Exercise aim: Please return the listing exactly as written, but without its pictures.

Provided material:
• • •
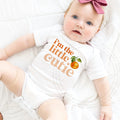 Baby girl with a pink bow in a white I'm the Little Cutie bodysuit with a clementine.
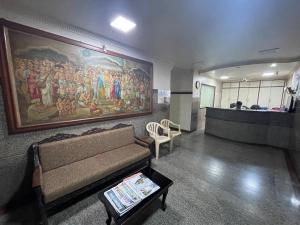 a living room with a couch and a painting on the wall at Sri Durgamba Lodge in Bangalore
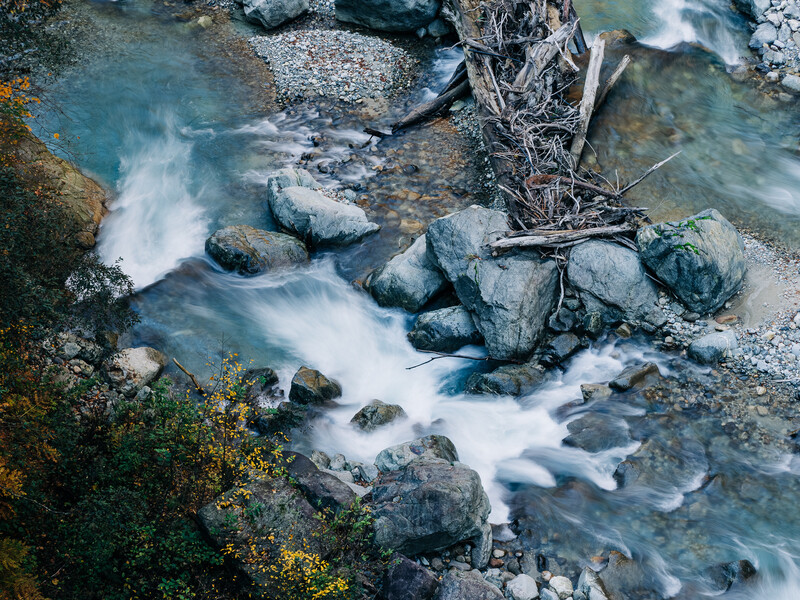 Fast-flowing mountain stream with smooth water cascading over moss-covered rocks and boulders.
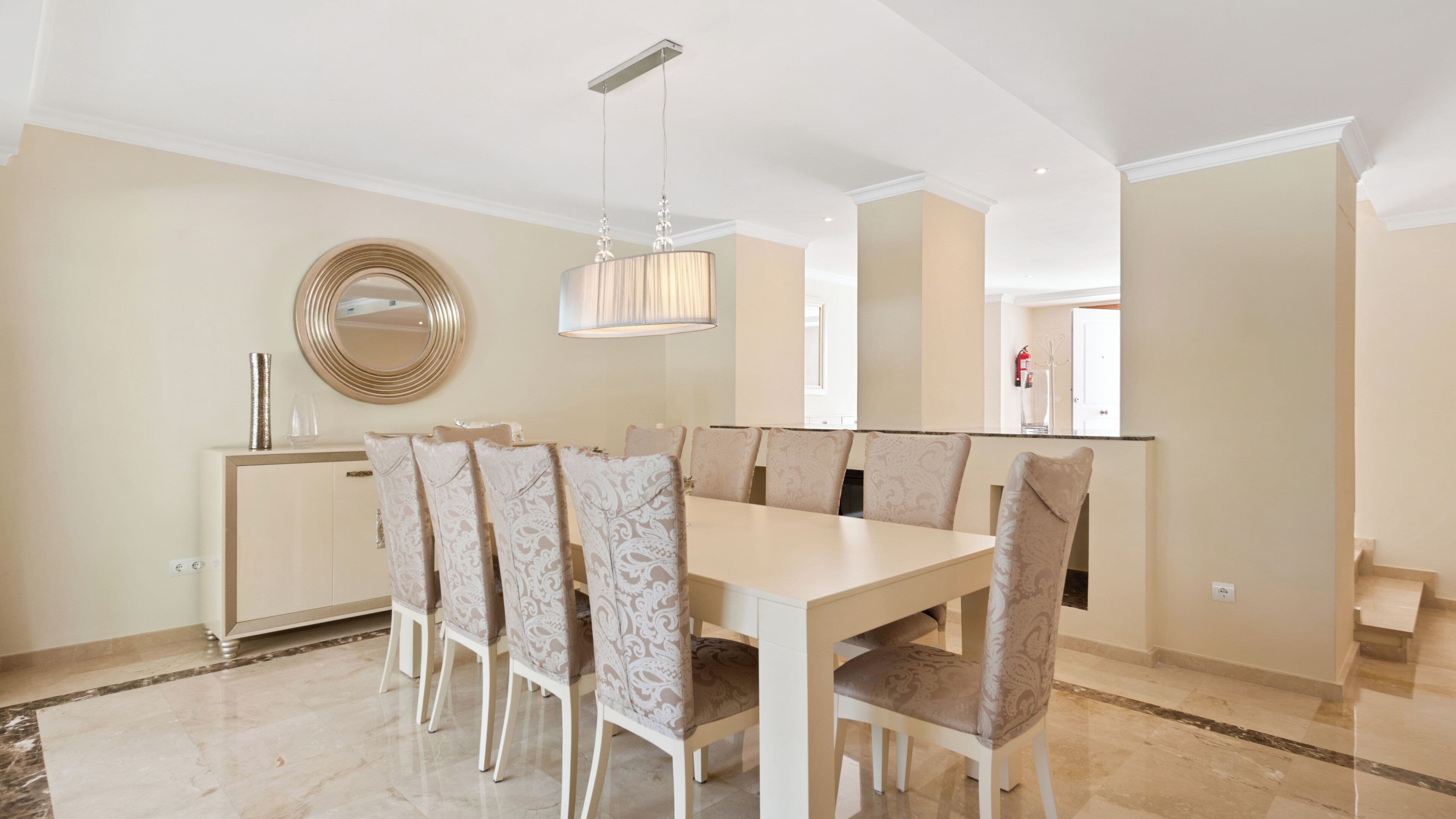 A dining area with a light-colored table and patterned chairs, a modern pendant light, and a decorative mirror on the wall.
• • •
Solution:
 Baby girl with a pink bow in a white I'm the Little Cutie bodysuit with a clementine.
 a living room with a couch and a painting on the wall at Sri Durgamba Lodge in Bangalore
 Fast-flowing mountain stream with smooth water cascading over moss-covered rocks and boulders.
 A dining area with a light-colored table and patterned chairs, a modern pendant light, and a decorative mirror on the wall.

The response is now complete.